= Bureau of Labor Standards =

Predecessor agency of the Occupational Safety and Health Administration

The Bureau of Labor Standards was an agency of the U.S. Department of Labor from 1934 until 1971. It was the direct predecessor of the Occupational Safety and Health Administration. The unit was formed as the Division of Labor Standards in November 1934, and renamed the Bureau of Labor Standards in 1948.

== History ==
Creation of the Division of Labor Standards in 1934 was an initiative of Secretary of Labor Frances Perkins, who wanted to set a new course from the relative inactivity of the Department during the anti-labor atmosphere of the 1920s. Much of its early function was working with state labor departments, which had regulatory power, to promote and draft uniform labor laws, organize conferences, and prepare factory inspection manuals and training courses. It also worked with labor unions, safety organizations, and industrial associations. Its formation led to competition with the Public Health Service's Division of Industrial Hygiene over whether a regulatory or advisory agency should coordinate state and local industrial hygiene agencies, with PHS emphasizing a role as a non-partisan provider of scientific data, while the Department of Labor actively advocated for labor unions' efforts to improve work conditions.

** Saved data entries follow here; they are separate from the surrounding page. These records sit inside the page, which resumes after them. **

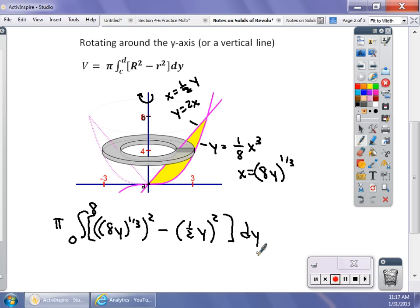When I test you on this, I'm going to ask you to write this integral. I may have you evaluate it in your calculator, but I really want to see the integral set up. You don't have to simplify it algebraically — just put it out there, and then we can look at how to solve it in your calculator or by hand if need be.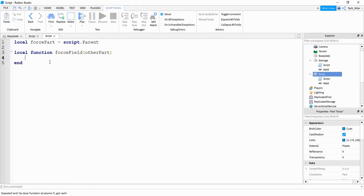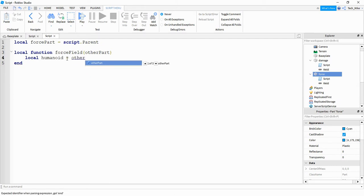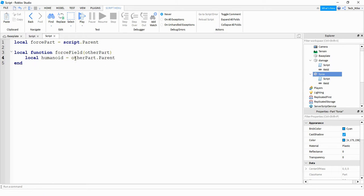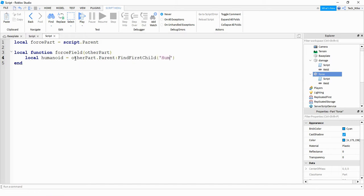Inside the function I'm going to say local humanoid and set that equal to otherPart.Parent. So if the player's foot touches the blue part, otherPart will be the player's foot, and by saying .Parent we get what that foot belongs to, which will be the player's model. Inside that player's model we're going to say :FindFirstChild and put humanoid inside the parentheses.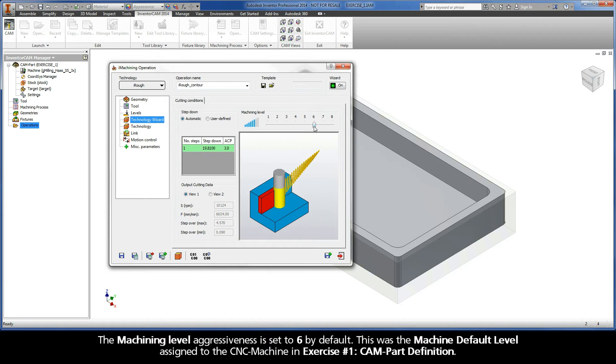The machining level aggressiveness is set to 6 by default. This was the machine default level assigned to the CNC machine in exercise number 1, CAMPART definition.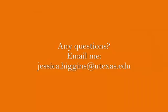So that's it for Mendeley, and if you have any questions, you can email me at Jessica.Higgins at UTexas.edu. Thanks for watching.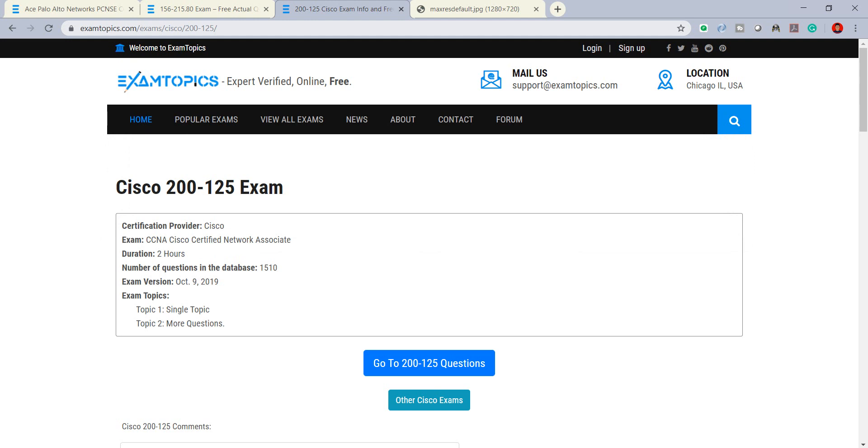You can see that we have the certification provided by Cisco and the exam is CCNA. The duration is two hours, you can read and review one by one, and the exam version was last updated by October 9th, 2019.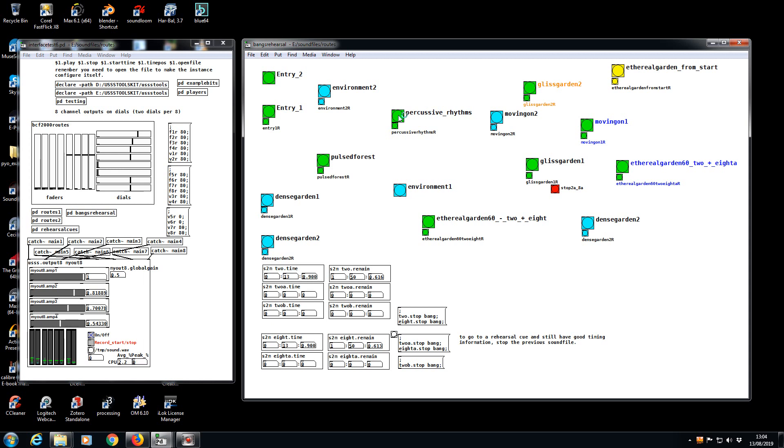So you're hearing just channels one and two right now of the eight channel mix, but that's pulsing around.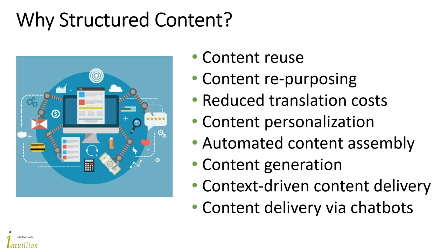You've probably already heard about all these amazing opportunities that structured content opens for you. A big question however is how you can create structured content without having to deal with technical complexity that structured content usually imposes.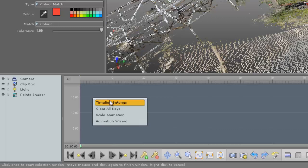For example, in the animation menu you can access the timeline settings from the right click. Also, you can clear the animation keys, scale your animation and open the animation wizard.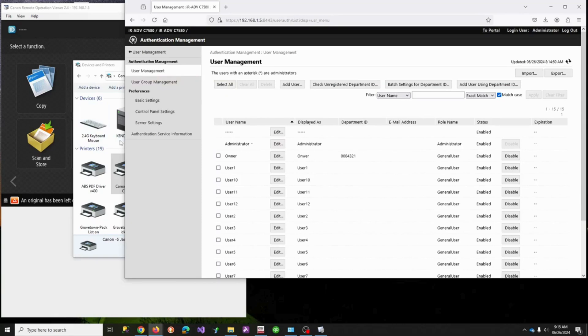That's how all the pieces work. The print driver is controlled because of the Department IDs within the print driver and the copier, so everything is accounting and clicking together. Thank you.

Clara Mortenson Beyer was an early administrator of the Division. Beyer served as Associate Director from 1934–1957, and Acting Director for 1957–1958. In 1934, Molly Dewson and Frances Perkins encouraged Beyer to take the new position of Associate Director in the Division of Labor Standards. Beyer was excited about working in the new Bureau because she was eager to build an organization from the beginning. Beyer became an influential voice in New Deal era labor policies. Beyer, Perkins, and Arthur Altmeyer developed provisions that went into the Social Security Act of 1935. Beyer working on American labor issues including apprenticeship, vocational education, and programs for elderly and migrant workers. Perkins told Beyer that it was politically unrealistic for her to appoint another woman to a top job in an important Labor Department organization, otherwise she might have promoted Beyer further. Beyer apparently happily accepted this.

The Walsh–Healey Public Contracts Act of 1936 established labor standards for government contracts in excess of $10,000, and included the first mandatory standards for safety and health to be adopted by the federal government, through the influence of the Division of Labor Standards.

Beyer's most recognized achievement at the Bureau of Labor Standards is her instrumental work towards the establishment of the Fair Labor Standards Act of 1938, which set minimum wage and maximum hour standards nationwide. Beyer's bureau helped Ben Cohen and Thomas Corcoran draft the legislation, and when Beyer herself was resisted by organized laborers who worried that minimum wage would lower wages overall, she worked with Congresswoman Mary T. Norton to lobby William Green, president of the American Federation of Labor. With his support, the law passed, and when the act was challenged and appealed to the Supreme Court, Beyer helped prepare the government's successful defense.

In July 1946, the Division absorbed the Industrial Division from the Children's Bureau. Some tasks were added the Bureau's agenda by the Longshoreman's and Harbor Workers' Compensation Act of 1958.

The Bureau became a component of the Wage and Labor Standards Administration when the latter was formed in 1967. In 1971, the Bureau of Labor Standards became the Occupational Safety and Health Administration.